When you dig a little deeper though, as the debate in the room revealed, Board evaluation is all too frequently done on a reactive basis revealing a weakness in approach that most life science companies share. At our panel discussion, a leading investment banker and a VC agreed that if there’s a problem with the Board they fix it only when problems arise – that’s standard practice.
An alternative approach
Should we develop a more strategic process for Board evaluation and how can we do it?
Let’s start with thinking about the purpose of the Board and the nature of a Company – somewhat existential, but bear with me. Quite simply, the Board exists, primarily, to look after the interests of the Company. Crucially, it’s important to think of the Company as an individual, rather than an organisation. This is a concept (supported in law) that helps to focus the mind and recognises that a Company has a single set of interests. Compare this to the other stakeholders who the Board also represents. Investors for example, the interests of whom may not always be the same as each other or even as the interests of the Company itself. In Sweden, this kind of thinking is front and centre of every Director’s mind, where before Board meetings, the Directors’ charter is read out, reminding all members of their purpose and obligations.
In recognising the Board’s obligations to the Company, it becomes more straightforward to evaluate the performance of the members of the Board. Now, Boards are very good at evaluating the performance of executives but they are less good at reflecting on their own performance, and indeed seem to have little incentive to turn the mirror on themselves.
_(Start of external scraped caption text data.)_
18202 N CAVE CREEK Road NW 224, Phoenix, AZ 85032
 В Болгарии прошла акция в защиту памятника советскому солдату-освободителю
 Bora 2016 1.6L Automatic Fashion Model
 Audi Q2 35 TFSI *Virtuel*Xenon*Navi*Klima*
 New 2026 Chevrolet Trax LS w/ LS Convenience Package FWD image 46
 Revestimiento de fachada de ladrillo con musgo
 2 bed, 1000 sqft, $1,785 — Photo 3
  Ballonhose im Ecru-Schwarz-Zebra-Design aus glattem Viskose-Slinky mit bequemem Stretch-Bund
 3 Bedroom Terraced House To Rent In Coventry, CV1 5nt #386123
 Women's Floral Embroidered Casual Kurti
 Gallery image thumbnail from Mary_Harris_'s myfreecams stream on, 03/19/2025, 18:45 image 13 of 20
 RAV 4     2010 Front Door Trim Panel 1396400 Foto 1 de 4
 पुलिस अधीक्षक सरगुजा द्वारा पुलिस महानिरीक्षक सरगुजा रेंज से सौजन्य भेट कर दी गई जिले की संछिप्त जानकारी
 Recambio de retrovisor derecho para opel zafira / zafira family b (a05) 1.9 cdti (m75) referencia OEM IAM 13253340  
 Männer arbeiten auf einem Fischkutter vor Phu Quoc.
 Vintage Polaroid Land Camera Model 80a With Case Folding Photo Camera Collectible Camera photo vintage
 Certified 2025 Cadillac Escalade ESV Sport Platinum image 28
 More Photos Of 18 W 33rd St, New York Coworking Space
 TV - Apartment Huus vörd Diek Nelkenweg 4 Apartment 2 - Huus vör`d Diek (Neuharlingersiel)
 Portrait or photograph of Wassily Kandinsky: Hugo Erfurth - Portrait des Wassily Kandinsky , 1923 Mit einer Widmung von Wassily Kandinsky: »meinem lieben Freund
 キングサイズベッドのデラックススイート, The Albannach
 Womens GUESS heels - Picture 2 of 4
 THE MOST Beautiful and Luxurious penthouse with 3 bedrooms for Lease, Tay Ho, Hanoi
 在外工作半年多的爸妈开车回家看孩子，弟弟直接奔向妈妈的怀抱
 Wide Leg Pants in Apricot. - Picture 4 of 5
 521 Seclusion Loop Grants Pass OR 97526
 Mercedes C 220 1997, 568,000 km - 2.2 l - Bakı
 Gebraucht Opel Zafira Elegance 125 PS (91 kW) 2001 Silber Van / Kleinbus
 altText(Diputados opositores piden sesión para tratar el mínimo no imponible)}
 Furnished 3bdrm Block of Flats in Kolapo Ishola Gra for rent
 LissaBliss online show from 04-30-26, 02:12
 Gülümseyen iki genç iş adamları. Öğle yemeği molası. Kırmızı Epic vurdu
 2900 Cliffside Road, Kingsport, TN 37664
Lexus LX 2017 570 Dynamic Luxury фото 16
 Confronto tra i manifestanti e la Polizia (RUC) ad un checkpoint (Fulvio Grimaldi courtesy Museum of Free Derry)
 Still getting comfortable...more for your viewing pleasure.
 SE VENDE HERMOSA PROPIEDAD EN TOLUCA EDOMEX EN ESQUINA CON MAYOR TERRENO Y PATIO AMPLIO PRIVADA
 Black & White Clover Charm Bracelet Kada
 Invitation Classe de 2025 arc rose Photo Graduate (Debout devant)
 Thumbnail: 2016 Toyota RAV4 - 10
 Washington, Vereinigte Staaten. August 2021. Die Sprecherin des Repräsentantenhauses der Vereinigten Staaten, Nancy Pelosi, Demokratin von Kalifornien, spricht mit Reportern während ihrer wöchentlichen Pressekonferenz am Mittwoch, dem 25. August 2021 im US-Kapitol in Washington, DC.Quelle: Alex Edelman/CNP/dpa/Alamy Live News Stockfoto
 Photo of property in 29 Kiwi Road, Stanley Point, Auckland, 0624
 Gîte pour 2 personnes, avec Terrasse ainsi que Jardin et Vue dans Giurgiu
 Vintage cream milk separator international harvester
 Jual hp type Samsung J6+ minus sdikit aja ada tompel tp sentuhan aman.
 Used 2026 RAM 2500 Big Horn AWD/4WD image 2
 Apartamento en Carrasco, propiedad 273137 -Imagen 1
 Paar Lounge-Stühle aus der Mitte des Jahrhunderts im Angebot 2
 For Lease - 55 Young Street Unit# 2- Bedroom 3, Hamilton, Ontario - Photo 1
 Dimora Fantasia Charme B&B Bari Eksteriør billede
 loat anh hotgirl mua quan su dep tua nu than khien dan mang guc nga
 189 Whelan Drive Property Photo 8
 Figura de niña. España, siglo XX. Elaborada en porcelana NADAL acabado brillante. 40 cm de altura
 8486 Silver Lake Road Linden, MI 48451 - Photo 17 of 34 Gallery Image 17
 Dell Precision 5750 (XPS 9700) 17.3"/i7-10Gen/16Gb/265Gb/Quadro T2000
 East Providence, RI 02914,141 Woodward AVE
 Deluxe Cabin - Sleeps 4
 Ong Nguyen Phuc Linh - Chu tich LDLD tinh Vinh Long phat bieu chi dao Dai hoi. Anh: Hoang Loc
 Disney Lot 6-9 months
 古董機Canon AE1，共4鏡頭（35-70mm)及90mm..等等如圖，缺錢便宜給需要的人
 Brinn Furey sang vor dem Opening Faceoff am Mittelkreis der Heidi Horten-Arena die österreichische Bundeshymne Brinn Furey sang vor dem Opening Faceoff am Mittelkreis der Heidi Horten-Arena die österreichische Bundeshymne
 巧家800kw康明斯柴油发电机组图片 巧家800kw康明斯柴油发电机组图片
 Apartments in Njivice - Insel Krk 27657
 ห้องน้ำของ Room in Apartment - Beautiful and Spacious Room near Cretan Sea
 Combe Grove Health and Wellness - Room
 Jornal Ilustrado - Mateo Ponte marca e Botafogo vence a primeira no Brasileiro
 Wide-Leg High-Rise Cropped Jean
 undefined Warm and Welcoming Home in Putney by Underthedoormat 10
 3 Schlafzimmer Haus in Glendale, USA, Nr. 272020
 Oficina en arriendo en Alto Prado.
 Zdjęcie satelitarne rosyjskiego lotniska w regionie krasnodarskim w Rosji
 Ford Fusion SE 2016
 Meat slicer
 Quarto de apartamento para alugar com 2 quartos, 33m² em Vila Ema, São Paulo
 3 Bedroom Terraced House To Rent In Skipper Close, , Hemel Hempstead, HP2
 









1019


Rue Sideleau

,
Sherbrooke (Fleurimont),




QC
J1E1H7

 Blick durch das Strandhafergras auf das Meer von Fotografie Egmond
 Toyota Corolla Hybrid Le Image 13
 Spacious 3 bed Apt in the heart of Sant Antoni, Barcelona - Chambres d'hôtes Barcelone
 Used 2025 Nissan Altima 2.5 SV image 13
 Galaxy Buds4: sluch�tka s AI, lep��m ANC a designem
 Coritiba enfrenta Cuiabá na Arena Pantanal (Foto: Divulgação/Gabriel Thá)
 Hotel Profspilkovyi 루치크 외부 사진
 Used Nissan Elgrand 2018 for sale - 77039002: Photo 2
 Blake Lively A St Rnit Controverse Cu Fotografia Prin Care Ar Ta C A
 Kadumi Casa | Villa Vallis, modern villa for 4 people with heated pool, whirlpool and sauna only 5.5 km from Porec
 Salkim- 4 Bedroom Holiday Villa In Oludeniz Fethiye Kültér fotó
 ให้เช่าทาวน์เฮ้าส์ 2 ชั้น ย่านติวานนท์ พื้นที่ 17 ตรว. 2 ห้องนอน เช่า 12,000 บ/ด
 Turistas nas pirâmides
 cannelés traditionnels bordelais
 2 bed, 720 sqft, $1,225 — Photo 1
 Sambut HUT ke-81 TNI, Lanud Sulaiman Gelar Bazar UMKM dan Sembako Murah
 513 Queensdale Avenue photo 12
Much better then would be for the Company and its investors to have a formal process to evaluate the performance of individual Board members at regular intervals, for example every 3 years on a public company Board. From a strategic view point, this would also enable succession planning to be aligned with the changing needs of the Company. We all know, for example, that a biotech company founder is often not the right person to be CEO five years later, and similarly, this kind of thinking must apply to non-execs too.
How do you assess value in a Board?
CEOs and other executives are measured by direct markers, but its more difficult for non-execs to be assessed in the same way, especially as Board meetings can be infrequent and interactions with individual Board members relatively short. Clearly, it will be important to put the right measures of success in place but there are options to consider, including share price in the case of public company Boards and exit values for private companies. All of the execs and Chairs at the meeting were supportive of this and thought it important to take the discussion forward.
There was complete agreement in the room that reviewing Boards, asking if the Board is right for the time and fit for purpose, or whether its time to change, are vital questions. There was also a lot of interest in different rules comparing UK – Europe – USA as well and generally in how Boards differ internationally.
This felt like the beginning of an important discussion and we’ll be working with the BIA to take the debate forward.